> _Task inputs_
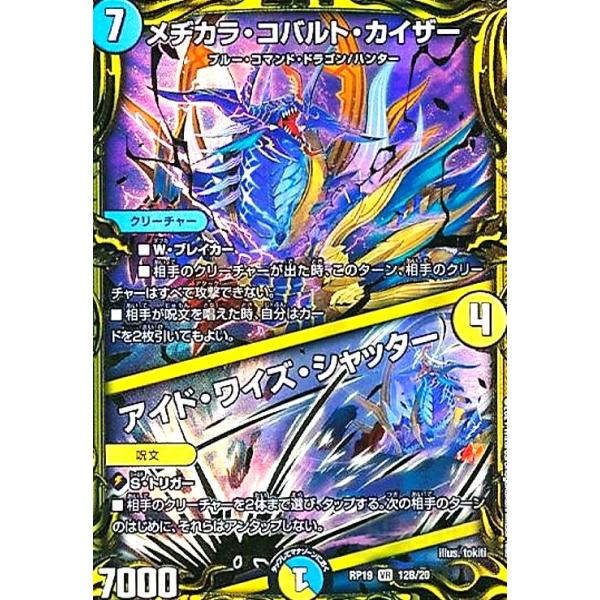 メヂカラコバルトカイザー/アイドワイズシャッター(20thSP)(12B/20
* * *
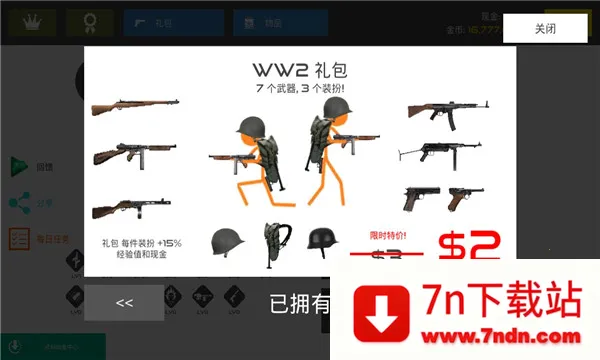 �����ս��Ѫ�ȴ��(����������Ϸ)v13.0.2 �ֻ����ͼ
==
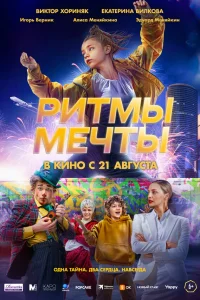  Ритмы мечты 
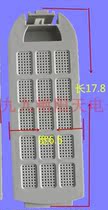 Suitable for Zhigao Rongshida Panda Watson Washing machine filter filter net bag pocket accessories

> _Instructions for the task_
Copy the listing above exactly, but only from the line with "Ритмы мечты" through the line with "Suitable for Zhigao", including those two lines and excluding any picture.

> _Solution for this task_
  Ритмы мечты 
 Suitable for Zhigao Rongshida Panda Watson Washing machine filter filter net bag pocket accessories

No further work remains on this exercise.